W杯の放映権料、結局いくら?→わかりません
FIFAワールドカップの放映権料については、これまでもいくつかの異なる数字が報道されてきました。最近では「総額350億円」とか、ABEMAは「200億円」を支払ったという数字が飛び交っています。
これは複数ある説のうちもっとも高いものです。インパクトがある数字のほうが広く伝わるし、他のメディアもそれに追随するんですよね。でも、実際のところは分からないわけです。公表されていませんし、誰も契約書を見たわけではありません。
もちろん当ブログもメディアが報じている話しか取り上げることができないのですが、これまでどんなに数字が報じられてきたのかを時系列に沿って振り返ってみます。
まず、昨年7/28付の朝日新聞から。いわゆるジャパンコンソーシアム(JC)の枠組みが崩れたことを伝える記事です。ここでは、電通がJCに対して「200億円超」を提示したが折り合いがつかなかった…と書かれています。
その後ABEMAが参入することで決着がついたとは言え、この200億円超という数字がいきなり350億円に跳ね上がるというのは、正直なところ考えにくいというのが筆者の印象です。
ABEMAの参入をスクープしたのは今年2/4付のスポニチでした。第一報ではABEMAが「200億円」で放映権を獲得し、NHK・テレビ朝日・フジテレビにライセンスするといった内容が書かれていたと記憶しています。
しかし、その後記事の内容は書き換えられました。総額は「180億円近く」であり、NHKが半分を負担。ABEMAがそれに次ぐ金額で、残りがテレビ朝日とフジテレビだと書かれています。
もっとも高い「総額350億円」、ABEMAが「200億円」という数字が出たのは5/12付のFRIDAYデジタルです。NHKが90億円、テレ朝とフジで計60億円とも書かれています。
最初の朝日新聞では総額200億円だったものが、ここではABEMA1社で200億円という話に変わっています。各社の負担の割合もだいぶ食い違いがみられます。
少し話がそれますが、FIFAの資料によると日本におけるライセンシーは電通であり、そこから各社にライセンスを下ろす形式になっていることがわかります。これはオリンピックでも同様な表記となっており、JCは崩壊したものの枠組みは残っていると言えます。スポニチが第一報を書き換えたのは正しい判断だったのでしょう。
もしこれまでの報道をすべて信じるならば、JCが「200億円超」の提示額を払えずにいたところ、ABEMAがポンと200億円出し、勝手に総額が350億円に増えたことになります。これは電通にとって濡れ手に粟。ウハウハですね…

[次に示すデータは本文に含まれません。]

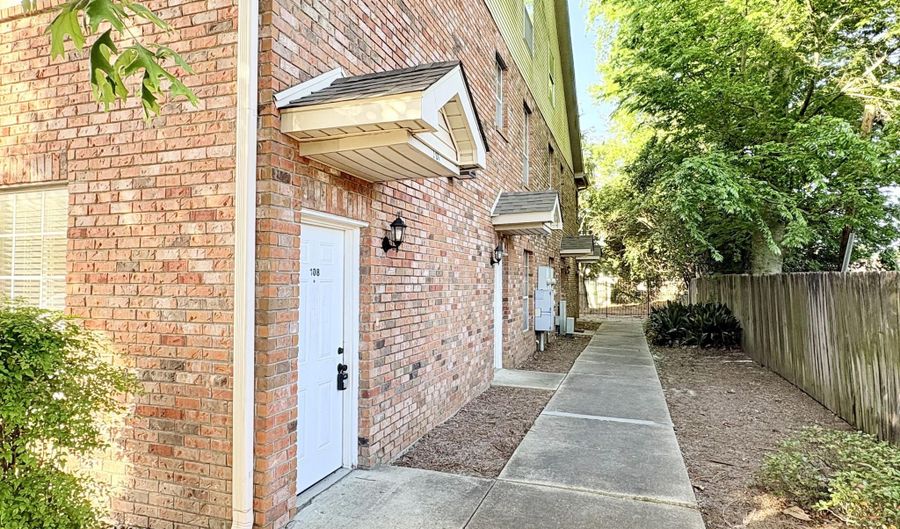 4441 Burbank Dr Apt 108, Baton Rouge, LA 70820 - 3 Beds, 3 Bath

電通がもとからネット向けの権利を別に販売しようとしていたなら分かるのですが、ABEMAの藤田社長によるとテレ朝から「去年の暮れごろ」に声がかかって検討を始めたということ。JCが崩壊した後に総額が増えるというのはちょっと信じ難いです。
話を戻します。5/16の日経新聞には「総額二百数十億円」という記述があります。個人的には日経新聞をいちばん信頼したいところですが…こればっかりは何とも言えません。
この記事では前回の2018ロシア大会の放映権料を「推定600億円」と書いているのですが、これについても実際はそこまで上がっておらず、せいぜい300億円台ではとする記事が出ています。この前提があやしいと、他の数字もあやしく見えてしまいます。
結局のところ、どれが正しくてどれが間違っているかという話でもなく、全部が間違っている可能性だってあるわけです。各社ともに契約には守秘義務があるわけですから、実際の数字が出てくることはないでしょう。今後、各社の決算情報などをみて総合的に判断していくしかありません。